I hate not knowing where I'm going.  It's why I much prefer trains to buses.  When you are on a train, the train has to follow the tracks, there are not going to be any detours (as long as you get on the right train).  On a bus...what if the driver decides to change route...there is nothing to stop him or her from doing so!

It's why I find my life difficult right now.  I don't know where we're going.  I don't know whether we are going to move city/state this year, I don't know if I'm going to find a job.
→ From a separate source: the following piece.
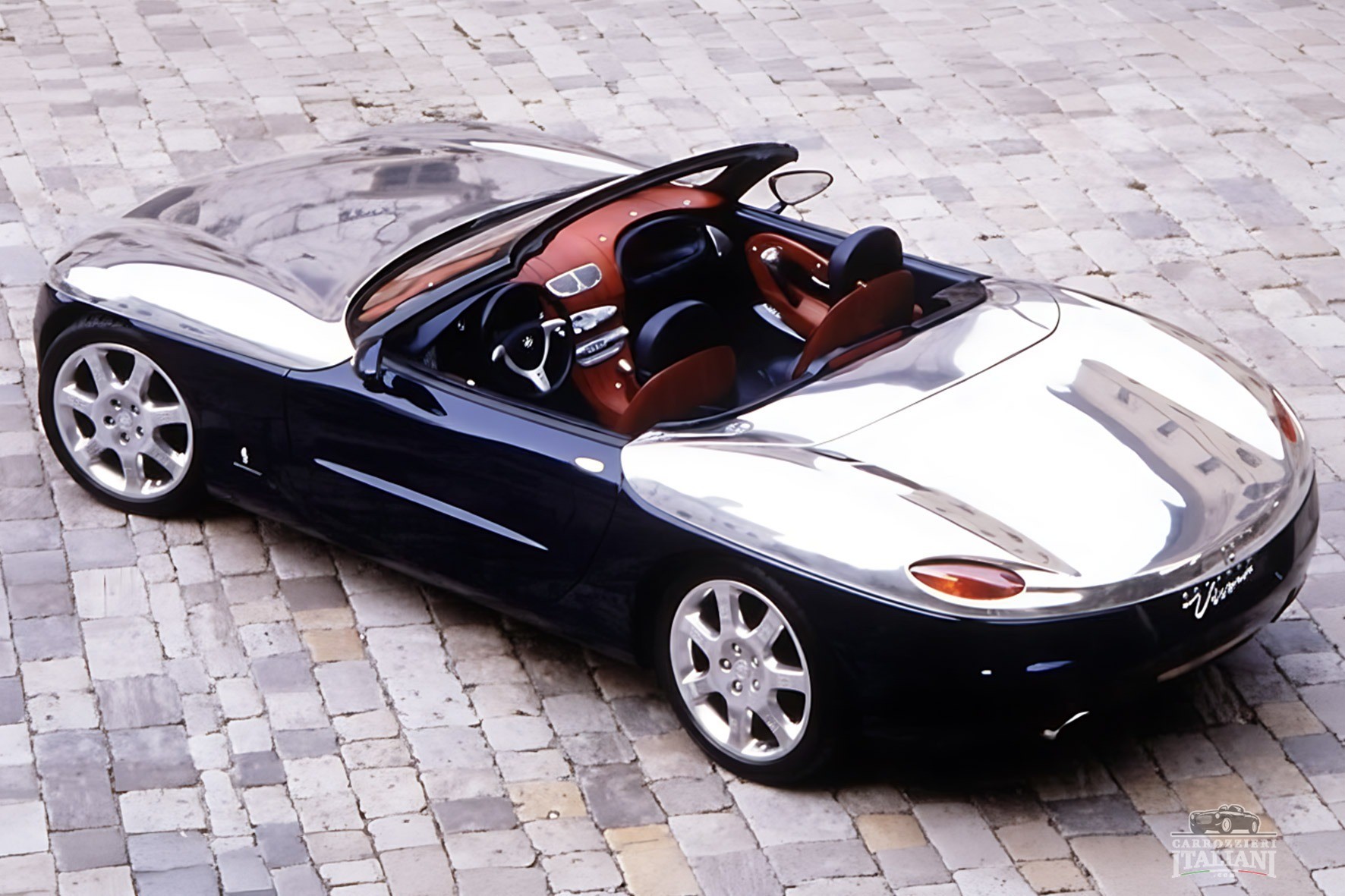 Honda Argento Vivo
It is unsettling and I don't like it very much.

When change is on the horizon, I feel like the whining kid in the backseat on a long car journey...are we nearly there yet????  If something good is planned, I enjoy the anticipation of waiting but if it is a major change or something less wonderful, I hate the waiting time.
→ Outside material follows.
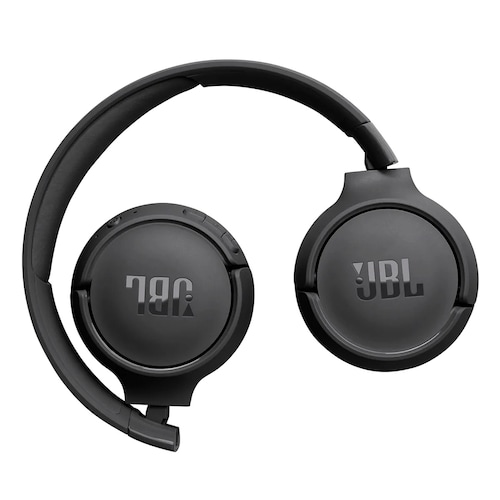 Audífonos Jbl Tune 520 Negros Jbl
In the church, we practise waiting twice a year.  In Advent we wait in wondrous hope for the celebration of the birth of Jesus.  And during Lent we solemnly wait to remember Jesus' death but then holding our breath just for a few days we are then able to celebrate with joy his resurrection and share in the new life that he offers us at Easter.

Sometimes waiting means to share in the sufferings of Christ.  When I remember the one hundred or so days that I was waiting for my visa, those were days marked with suffering for me.  I didn't know how long I was going to be waiting.  I was homeless.  I was separated from my husband.  I was single-parenting two small children.  And even when I reached my destination, I wasn't going to know anybody there.  It was a long, hard wait.
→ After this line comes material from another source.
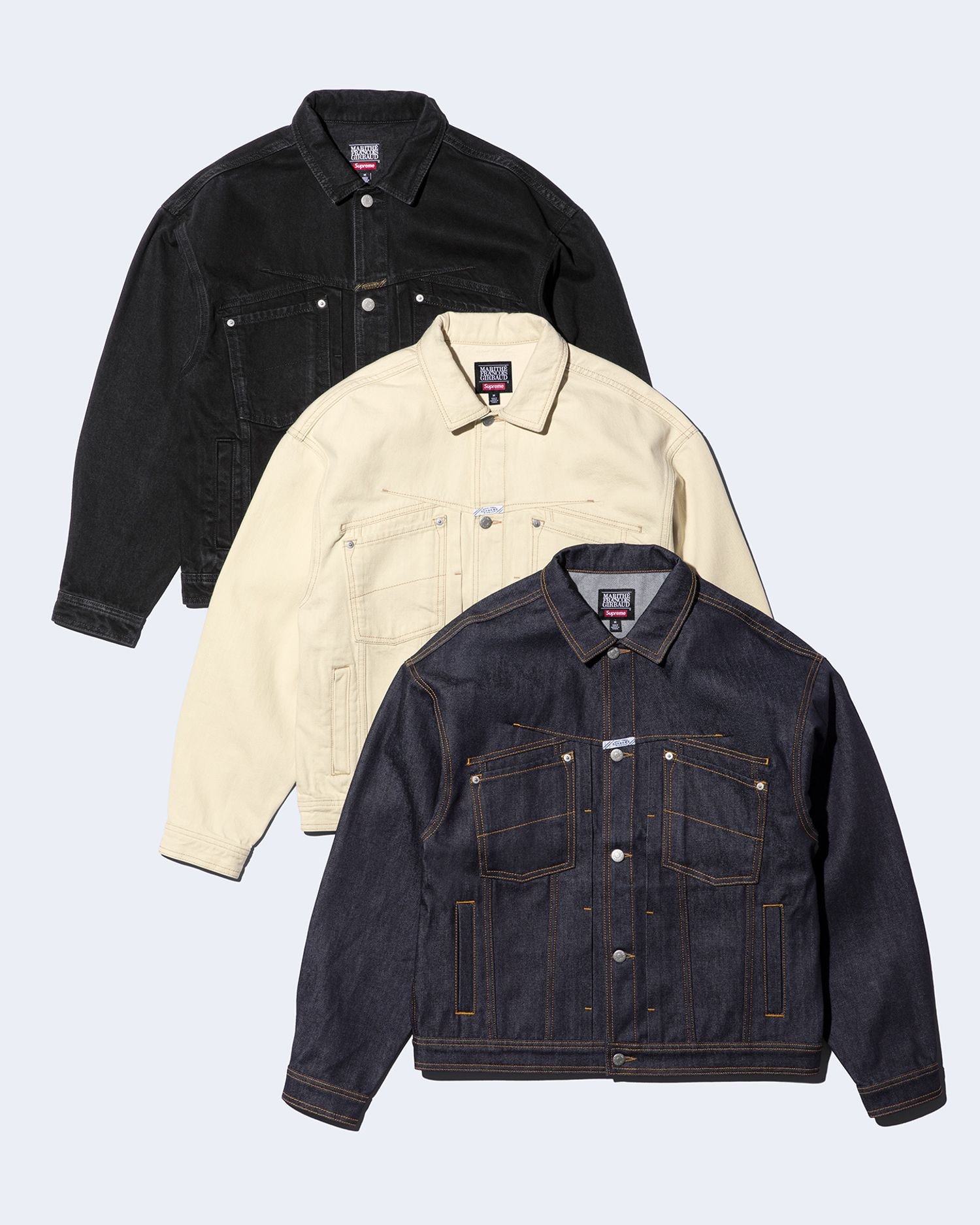 Supreme®/Marithé + François Girbaud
I lived day by day, I lived by faith, I lived through the words of the psalms, I lived through the eyes of my children, I lived through new understanding, I lived through a period of grief and heartache.  The waiting changed me, it drew me closer to God.  It was another step on the curriculum of learning patience.

Then after the days and days of waiting for the visa, for the passport to be returned, for it to be the day, it came.  Then came the hours of waiting.  At the airport, on the airplane.  But these hours seemed easier.  We were nearly there - we were on the journey - we were limited in what we were able to do.  The only possessions we had access to were our hand luggage (admittedly there was a LOT).  The only space we had were our seats.  The destination was decided, and the pilot was responsible for getting us there and we didn't need to worry about that.  Constrained by those boundaries, I was more relaxed than I'd been in months.  I no longer had the illusion of having to be in control.

The other thing that helps a long journey, like that twelve hour flight with two small children, is to have things to aim for along the way.  We were filling the time getting settled into our seats and checking everything out until it was time to buckle our seatbelts and then we filled the time until it was take-off, then there was meal-time, then (please God) sleep time!!  Knowing that there are pit-stops on a journey makes it less intimidating.  Sometimes the big picture is too big to take in: I was emigrating, but thinking like that made me freak out inside, so instead it was just a transatlantic flight, the same as many I had been on before (except I was emigrating..shh).

If I view my life like I did that journey, I would probably find more peace.  I am not the pilot. I only need a few possessions for along the way (and probably only a small proportion of them in reality - I tend to over pack) and if I stop worrying about when I'm going to get there, I am a much more pleasant travelling companion!

Impatience and frustration are not attractive qualities.  Excitement and anticipation are definitely preferable when waiting for something good.  And if waiting for something that might bring sorrow, I want to strive for a quiet hope; not necessarily that the bad thing won't happen, but that God will work it all for good.

What journey are you on?  What kind of travelling companion are you?


  1. I am the kind that once on a journey likes to get to my destination as quickly as possible. If the goal is to get there I want to get there NOW, if the journey is the goal, I am okay with sightseeing. With God, I am a I wanna get there NOW GOD kind of gal who is trying to learn how to sight see while I travel.

  2. "Sometimes waiting means to share in the sufferings of Christ." This really struck me, Princess Morag. It reminds me that the more we want to be like Christ, the more we need to know the "fellowship of His sufferings." Thank you.

  3. I love this post! How many times have I asked God, "Are we there yet?" Thank you for sharing!